The paper makes some big assumptions about how the plan would be supported. The key assumption of the Janša Plan is that it would be in the interests of both Serbia and Albania. The thinking is that a ceding of the Serb part of Bosnia to Serbia would be in the interests of Bosnia’s Serbs, represented by Milorad Dodik, and therefore in Belgrade’s interests, too. This point is given further weight by the assumption that Kosovo’s integration with Albania will go ahead anyway unless Serbia is prepared to recognise Kosovo’s independence (and perhaps even if it does so). It also assumes that Serbia would be ready to give up all its claims on Kosovo, in exchange for a large part of Republika Srpska. It is further assumed that the Croat and Serb leaderships in Bosnia and Herzegovina would back the plan (unsurprisingly, Milorad Dodik, the Serb leader of Republika Srpska, immediately voiced his support).
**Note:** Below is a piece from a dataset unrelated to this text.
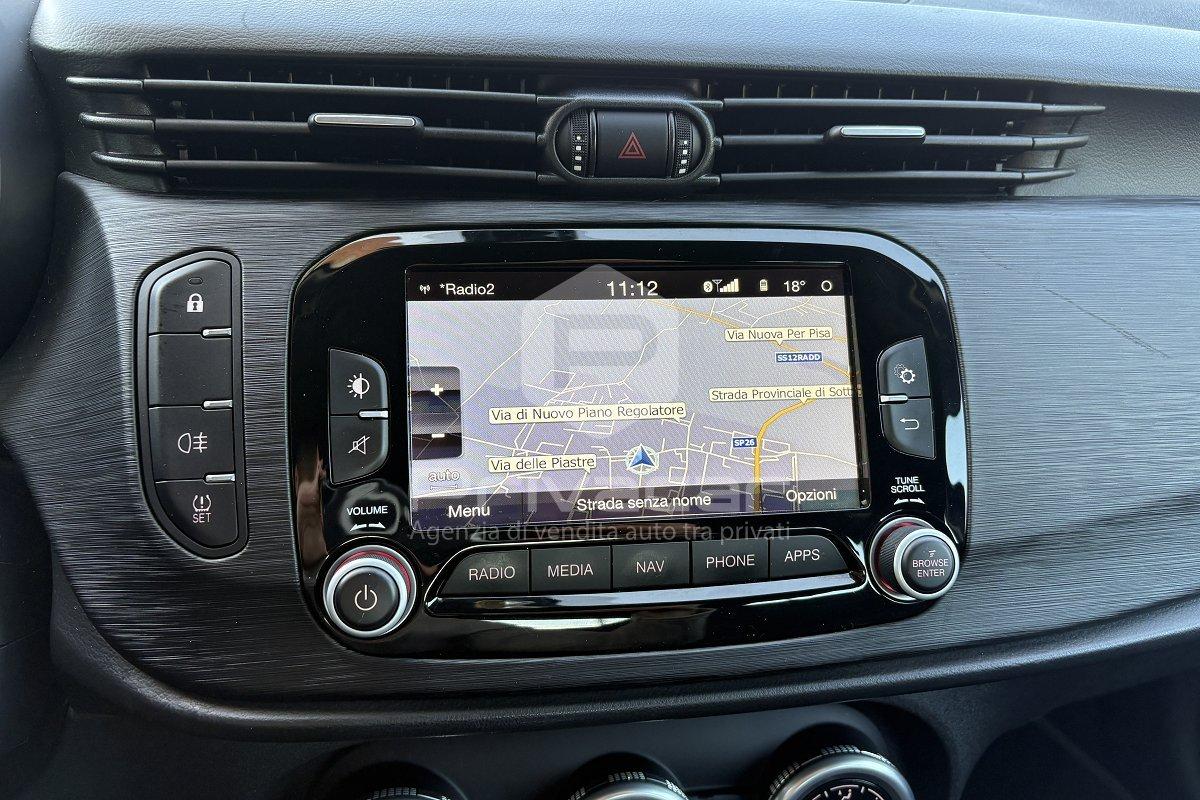 ALFA ROMEO Giulietta 1.4 Turbo 120 CV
Most likely, the authors of the plan feel that, if it gains momentum, the Croatian leadership (not to mention Bosnian Croats) would quickly come on board. Bosniaks are expected to protest, but to finally fall into line, unless the opposition can mobilise enough political support. The prospects of a ‘Turkish connection’ are supposedly rather attractive to them.

However, the reactions of some of the key players indicate that the plan’s assumptions may be rather overblown – witness the lukewarm reception in Serbia. Given Serbia’s relative size and its central role in the unresolved territorial and constitutional issues arising from the wars of the 1990s, the plan would clearly be unworkable without the active and positive engagement of Belgrade. Serbian President Aleksandar Vučić has stated that Serbia is interested not in territory, but in economic prosperity. That will disappoint not only the authors of the plan, but also Dodik.
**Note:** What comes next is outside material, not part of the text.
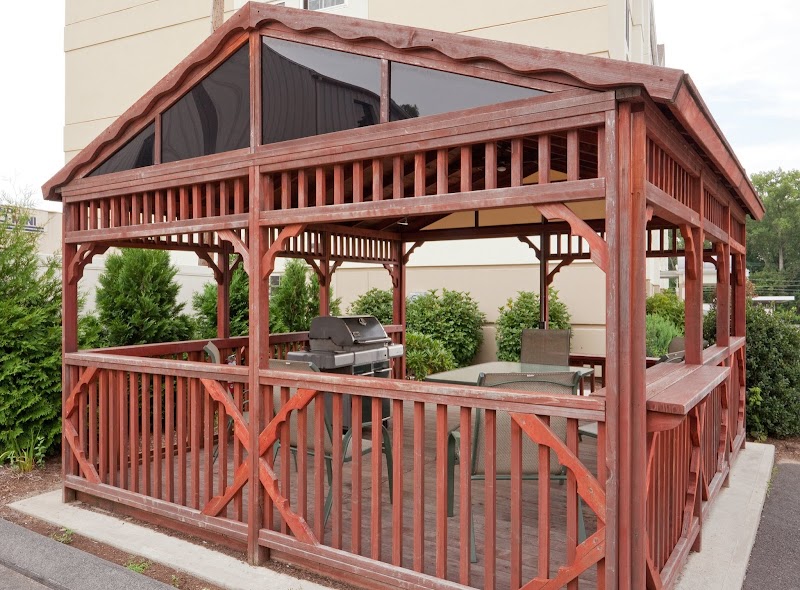 Candlewood Suites West Springfield in Springfield, Massachusetts, United States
Moreover, Croatia’s President Zoran Milanović and Foreign Minister Gordan Grlić-Radman have rejected any notion of the Janša Plan. That country’s interests lie in changing electoral law in Bosnia and Herzegovina, so that Croats are represented by the dominant Croat party: currently, the Croat representative in the collective Presidency of Bosnia and Herzegovina is elected on the back of both Croat and Bosniak votes, and these have repeatedly favoured Željko Komšić, who is not a nationalist. The Croatian proposal has been supported by some EU countries – the same as might support the Janša Plan. The desired change to electoral law, however, runs counter to rulings handed down by the European Court of Human Rights, and so it is unlikely to become the EU policy. Irrespective of all that, carving up the territory of Herzeg-Bosna – the Croatian name for the region of Bosnia and Herzegovina where Croats are in the majority – would be no easy task. In all the plans for territorial separation, resettlement of the population would be unavoidable.
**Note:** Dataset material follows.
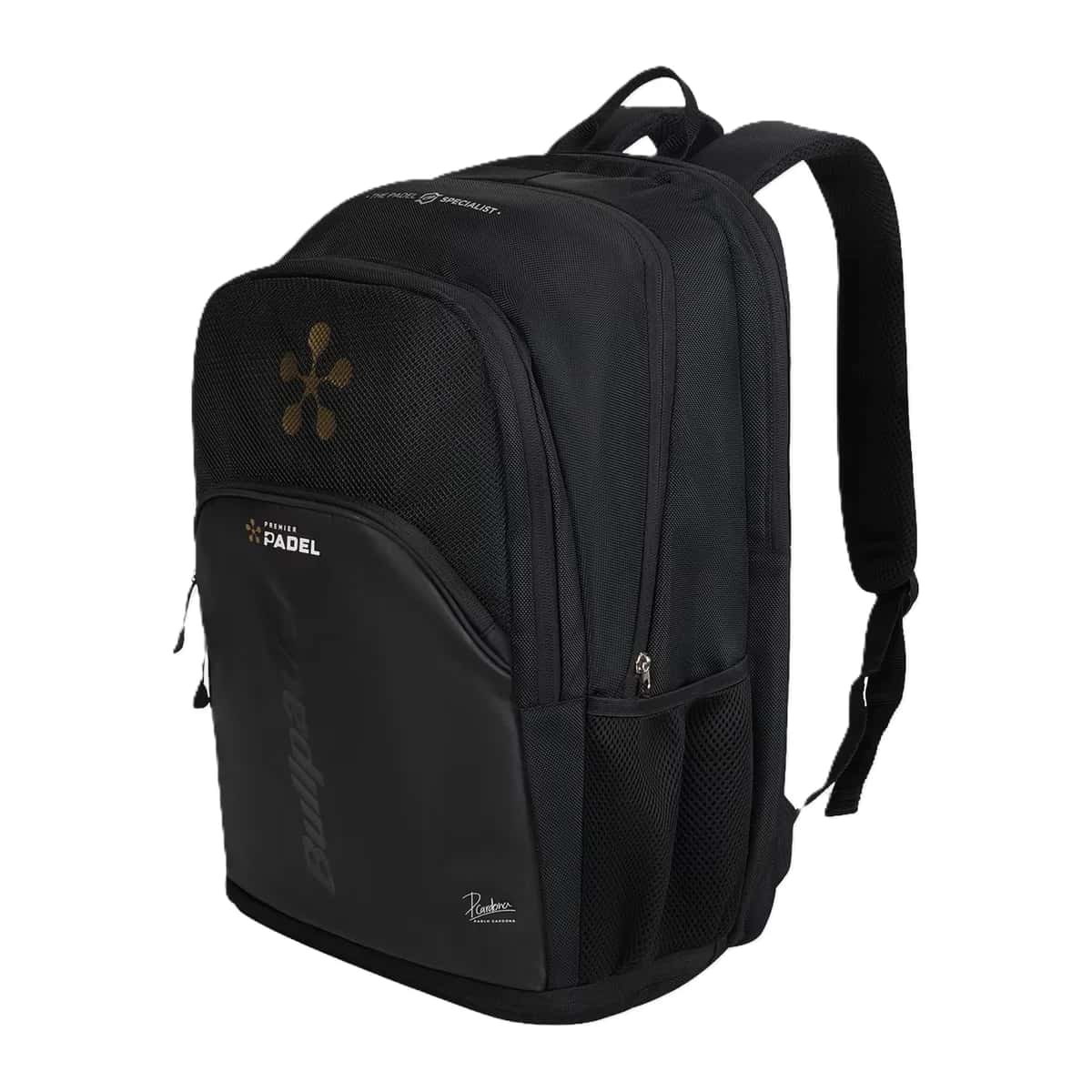Mochila Bullpadel Vertex Geo (linha Premier Padel)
The authors of the Janša Plan also seem to have misjudged the likely reaction of the international community. The unilateral transfer of Kosovo to Albania and the dissolution of Bosnia and Herzegovina are most unlikely to be acceptable to the international community. Most permanent members of the UN Security Council would oppose such moves, and they have already been rejected by Brussels, Washington and Moscow.

A major misjudgement of Serbia’s calculations

Perhaps the key mistake committed by the authors of the plan, however, is their fundamental misjudgement of Serbia’s calculations and priorities. With regard to Kosovo, rather than swapping territories, Serbia would actually prefer to maintain the status quo through protracted, never-ending negotiations with Brussels, rather than to normalise relations with Kosovo even without explicit recognition of its independence. What Serbia certainly does not strive for is the integration of Kosovo with Albania. This was confirmed by Belgrade’s reaction to a second non-paper that was published in the Kosovar newspaper Koha Ditore in April 2021. This new paper (again by authors unknown) combines proposals for the autonomy of the Serb areas in Kosovo and special status for the Serbian Church with recognition by Serbia of Kosovo’s independence. President Vučić has suggested that this could find some support in Serbia. The plan would need to steer a course between finding a level of autonomy for the Serb areas that was acceptable to Kosovo’s authorities and a type of international recognition of Kosovo that was acceptable to Serbia. After some early not-altogether-negative reactions, the plan was rejected by both Serbia and Kosovo.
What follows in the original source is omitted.